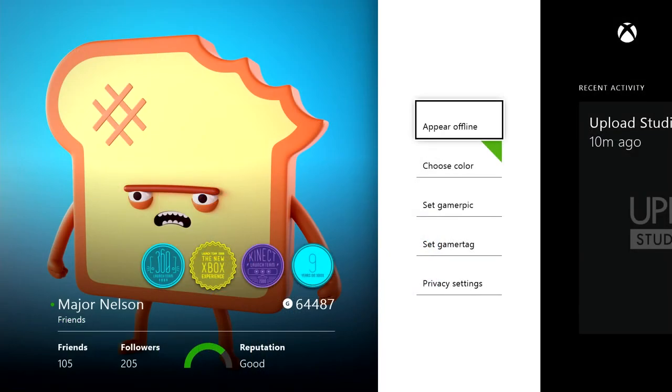I hope you enjoyed this informal walkthrough of the Friends app. Getting to share these features as we get closer to launch is so much fun for me and everyone here at Xbox. Thanks for watching.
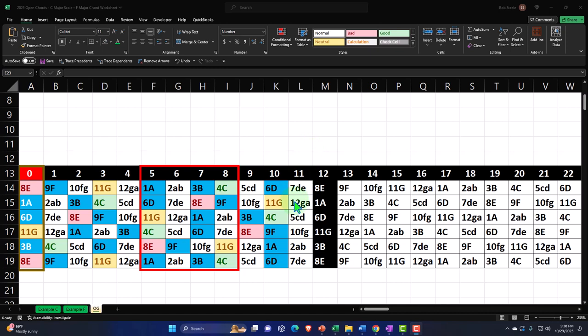If you do have access to this workbook, there are three tabs down below: Example C, Example F, and the OG. The OG tab represents the worksheet we put together in a prior presentation, now being our starting point. The Example C and Example F tabs represent the adjustments to the worksheets that we will be making as we focus in on individual chords within the C Major Scale.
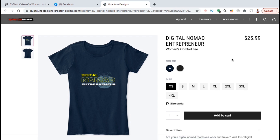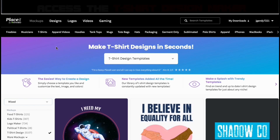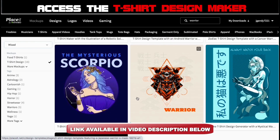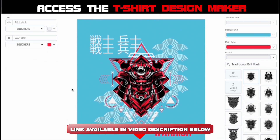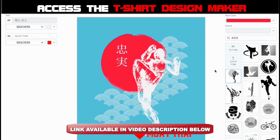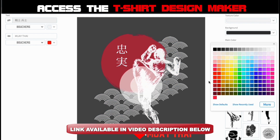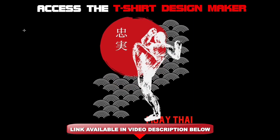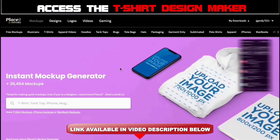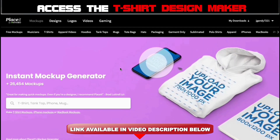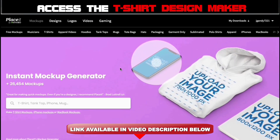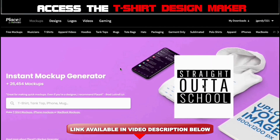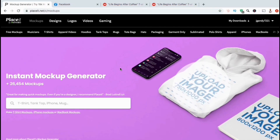Placeit is by far one of the best tools you can have to grow your print-on-demand business. Creating professional mockups is only one of the many things you can do with Placeit. If you want a quick and easy way to create professional t-shirt designs, make sure you check out the Placeit t-shirt design maker by clicking the link in the video description below. With Placeit, you can access thousands of t-shirt design templates that you can use for your design. Simply select a template, create your design, then download your image to add to your print-on-demand products. Once you create your Placeit account, not only will you have access to the t-shirt design maker, but also the logo maker, the mockups generator, the video creator, and tons of other tools that can help you build and grow your business.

==============================

- **What you have to do**: Above is a listing with pictures. Write it out exactly without them.

- **Final answer**:
I hope you enjoyed this informal walkthrough of the Friends app. Getting to share these features as we get closer to launch is so much fun for me and everyone here at Xbox. Thanks for watching.
If you do have access to this workbook, there are three tabs down below: Example C, Example F, and the OG. The OG tab represents the worksheet we put together in a prior presentation, now being our starting point. The Example C and Example F tabs represent the adjustments to the worksheets that we will be making as we focus in on individual chords within the C Major Scale.
Placeit is by far one of the best tools you can have to grow your print-on-demand business. Creating professional mockups is only one of the many things you can do with Placeit. If you want a quick and easy way to create professional t-shirt designs, make sure you check out the Placeit t-shirt design maker by clicking the link in the video description below. With Placeit, you can access thousands of t-shirt design templates that you can use for your design. Simply select a template, create your design, then download your image to add to your print-on-demand products. Once you create your Placeit account, not only will you have access to the t-shirt design maker, but also the logo maker, the mockups generator, the video creator, and tons of other tools that can help you build and grow your business.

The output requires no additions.